- Born: 1997 (age 27–28) Virginia, United States
- Education: Juilliard School
- Occupation: Operatic soprano
- Website: www.jessicaniles.com

= Jessica Niles =

American soprano

Jessica Niles is an American operatic soprano, who made an international career based in Europe. She performs works from Baroque, such as Handel's Partenope at Oper Frankfurt, to contemporary music including the world premiere of Bernard Foccroulle's Cassandra at La Monnaie in Brussels.

== Life and career ==
Niles was born in Virginia. She studied voice at the Juilliard School in New York City, earning the Juilliard Vocal Arts Honors Recital, the Kovner fellowship and several awards during her studies. She joined the studio of the Bavarian State Opera in the 2021/22 season where she performed roles such as Sandrina in Haydn's L'infedeltà delusa, Voice from Heaven in Verdi's Don Carlo, Echo in Ariadne auf Naxos by R. Strauss, Taumännchen in Humperdinck's Hänsel und Gretel and Iris in a new production of Handel's Semele directed by Claus Guth. In the 2023/24 season she appeared at the house as Marzelline in Beethoven's Fidelio, Clorinda in Rossini's La Cenerentola, and the Young shepherd in Wagner's Tannhäuser.

In 2023, Niles appeared in the world premiere of Bernard Foccroulle's Cassandra at La Monnaie in Brussels, and in 2025 with Staatsoper Berlin. She made her debut at the Oper Frankfurt in the title role of Handel's Partenope in 2024. She performed at the Salzburg Festival as Alexandra in Weinberg's The Idiot.

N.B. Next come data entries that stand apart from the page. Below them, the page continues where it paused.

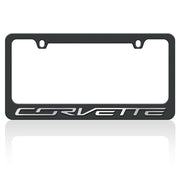 Corvette Mirror Script on Black License Plate Frame : C7 Stingray, Z51, Z06, Grand Sport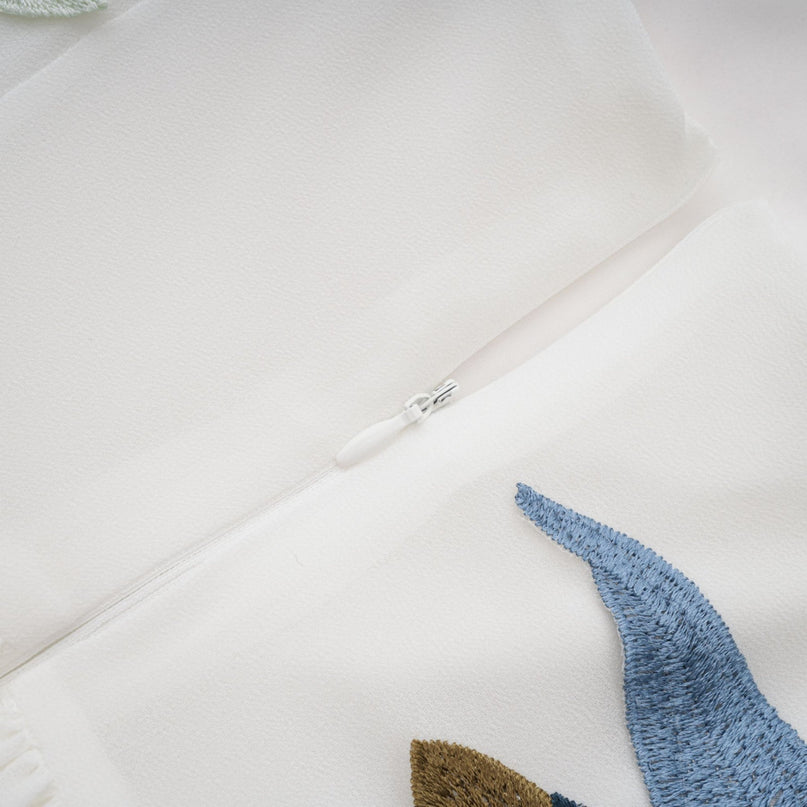 Josette floralembroidered shirred maxi dress in White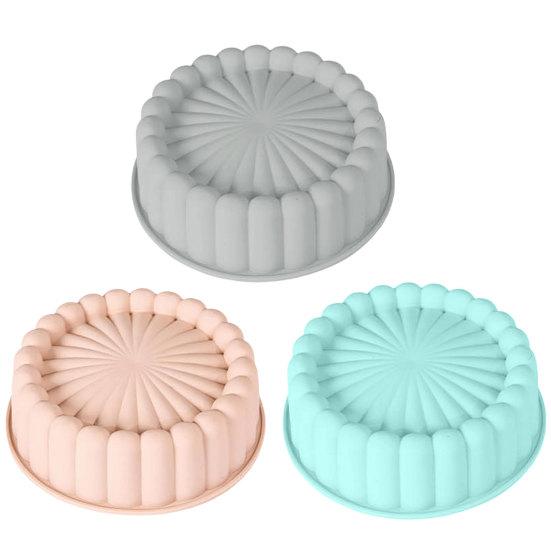 Безопасная силиконовая форма для выпечки, круглая термостойкая ручная работа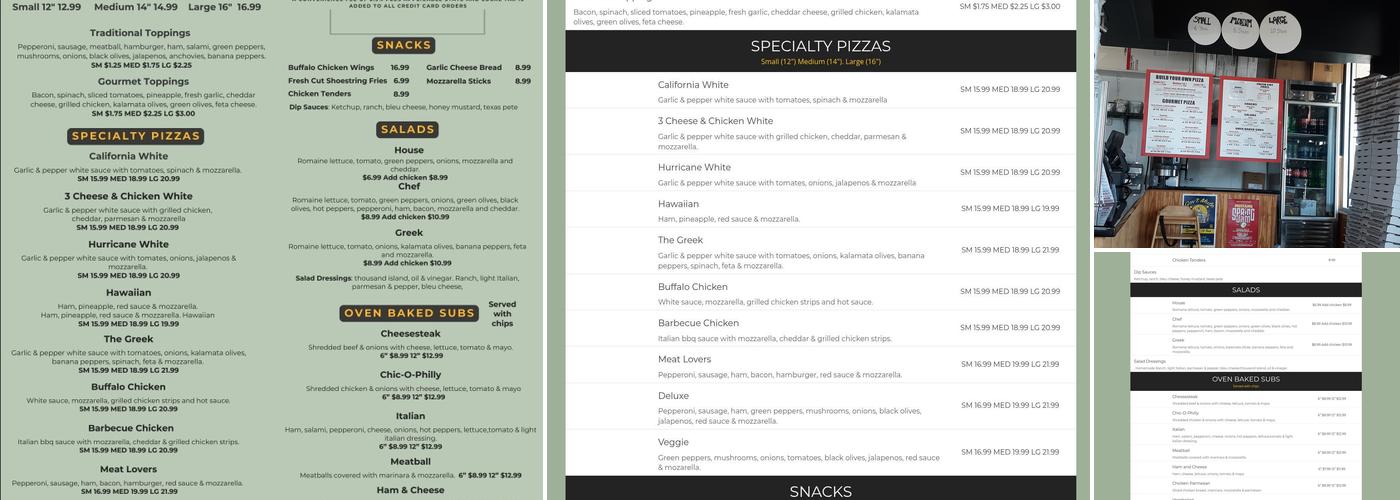 Pizzazz Pizza of Nags Head Menu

Niles recorded Mendelssohn’s Elijah with the Munich Radio Orchestra for radio, and vocal works by Gloria Coates with the Munich Chamber Orchestra. She received the Munich Opera Festival's 2023 prize. She sang in Handel's Aminta e Filide in concert performances with Les Arts Florissants conducted by William Christie at the Opéra royal du château de Versailles, and also at the Castell de Peralada Festival.